- ASSIGNED TASK: Set the listing down unchanged, minus every embedded image.

- PROVIDED MATERIAL:
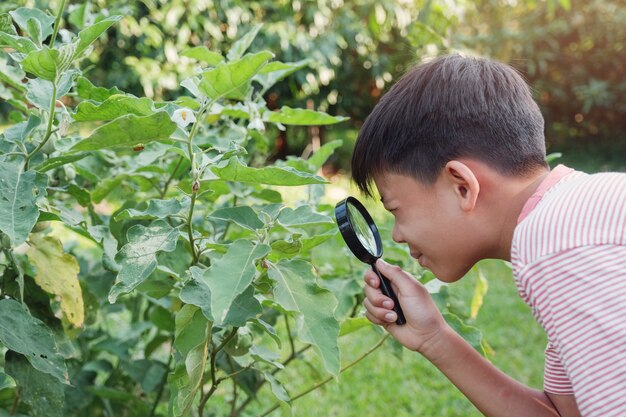 虫眼鏡、モンテッソーリのホームスクール教育、植物の病理学を通して葉を見てトゥイーンアジアの少年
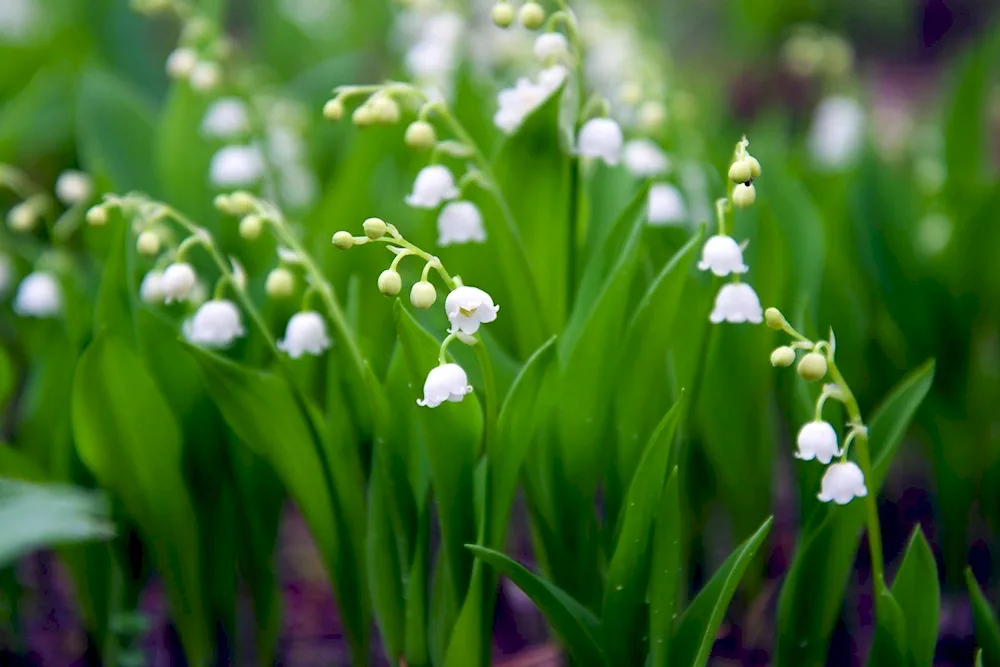 Landysh Lily of May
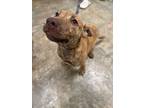 Adopt Winter a Mixed Breed (Medium) / Mixed dog in Jonesboro, AR (41034277)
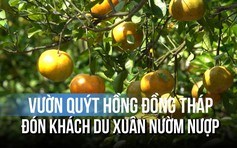 Vườn quýt hồng Đồng Tháp tuyệt đẹp đón khách du xuân sớm
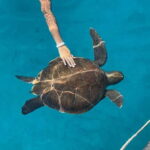 Protaras: Blue Lagoon and Turtles Pirate Cruise - What’s Included and What to Consider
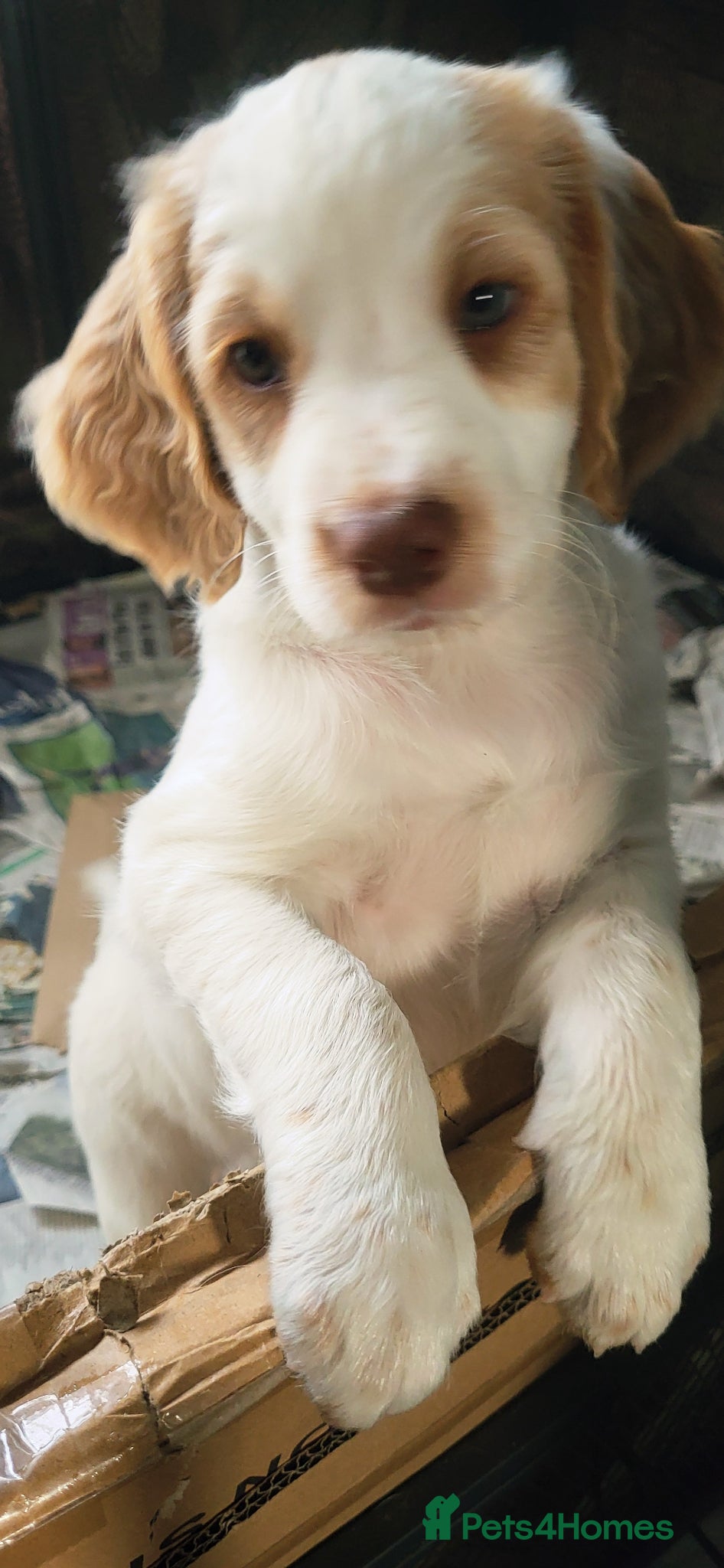 Mixed Breed dogs Cocker x sprollie  - Advert 2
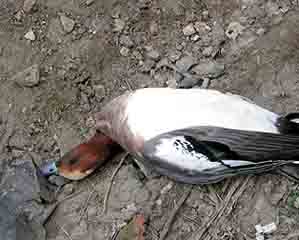 Массовая гибель птиц – режим ЧС в Минусинском районе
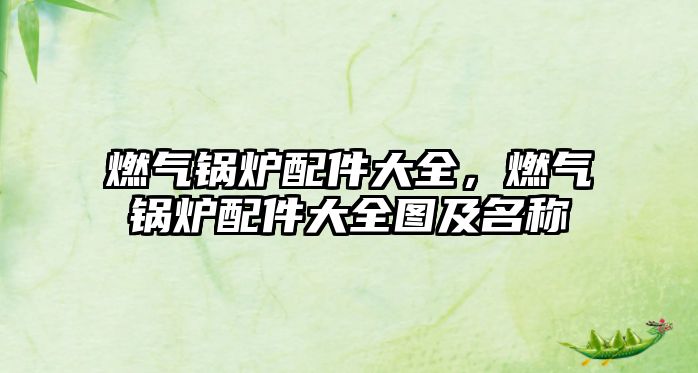 燃?xì)忮仩t配件大全，燃?xì)忮仩t配件大全圖及名稱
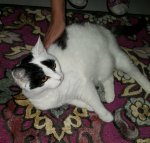 ThankfulThursdayallinone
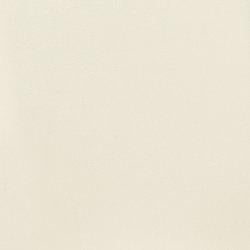 Kimonte Dining Chair - EZ Furniture of Mayfair (Philadelphia, PA)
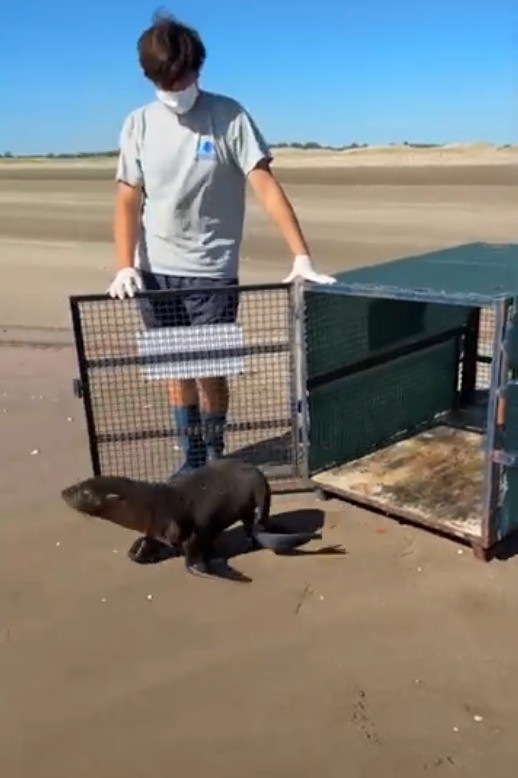 Rescataron un lobo marino tras una grave herida en el cuello | Información General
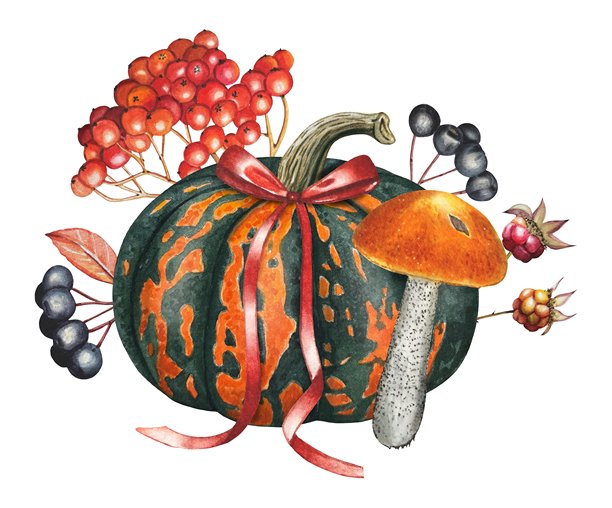 手绘的丰收、南瓜、蘑菇和浆果组合。水彩插画。图片下载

- EXERCISE ANSWER:
 虫眼鏡、モンテッソーリのホームスクール教育、植物の病理学を通して葉を見てトゥイーンアジアの少年
 Landysh Lily of May
 Adopt Winter a Mixed Breed (Medium) / Mixed dog in Jonesboro, AR (41034277)
 Vườn quýt hồng Đồng Tháp tuyệt đẹp đón khách du xuân sớm
 Protaras: Blue Lagoon and Turtles Pirate Cruise - What’s Included and What to Consider
 Mixed Breed dogs Cocker x sprollie  - Advert 2
 Массовая гибель птиц – режим ЧС в Минусинском районе
 燃?xì)忮仩t配件大全，燃?xì)忮仩t配件大全圖及名稱
 ThankfulThursdayallinone
 Kimonte Dining Chair - EZ Furniture of Mayfair (Philadelphia, PA)
 Rescataron un lobo marino tras una grave herida en el cuello | Información General
 手绘的丰收、南瓜、蘑菇和浆果组合。水彩插画。图片下载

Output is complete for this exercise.